I started these past semesters at a deficit; perhaps, you did as well. I was, and still am, exhausted. I’ve battled a hydra of to-dos and never seem to make a dent. What I noticed, though, was how many of my students were in a similar place as I was…or worse. As a former public school educator, teaching is and remains one of my greatest joys in academia. Witnessing students grasp new concepts and having the privilege to push their thinking is what fuels every other aspect of my scholarly activities. The student’s creativity fuels my own thinking and drives my service pursuits.
I had not fully realized just how much so until starting this semester back in January. The first weeks were fill with joy of being in the classroom and being able to engage with students face-to-face, even with social distancing and masking.
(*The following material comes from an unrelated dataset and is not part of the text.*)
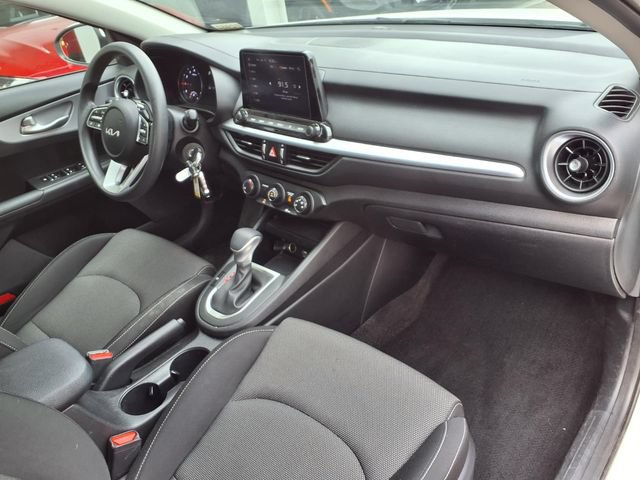 Used 2024 Kia Forte LXS w/ LXS Technology Package FWD image 27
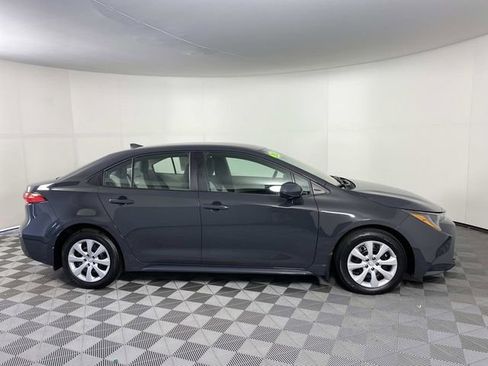 Used 2024 Toyota Corolla LE FWD image 10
What I had not expected was just how palpable students joy and exhaustion would be present. Over the summer, I was able to spend a few moments reflecting on what being an educator has meant during the pandemic, and what lessons I could take forward into whatever the university experience will be like in future semesters. I have found that vulnerability has been my greatest tool as an educator. I have been honest with my students and have seen their reactions to such honesty: students have shared their struggles, yet, they’ve delved into the topics even more deeply than in the past. They’ve found connections in ways that I had not thought possible. I don’t know what future semesters will bring but I know that I will continue to be open and be as flexible as possible, for that is what my students need.
It has become clear to me that our institutions, even those that consider themselves “progressive”, care little for individual needs. Institutions are unrelenting in their need for outcomes and will continue on long after we have left. Compassion has been sidelined in pursuit of “progress”. Institutions of learning have, as the quote above suggests, centered compliance over learning and growth. I can’t control that, at least not yet, but I can control my classroom. For now, that is what I’ll be focusing on. How about you?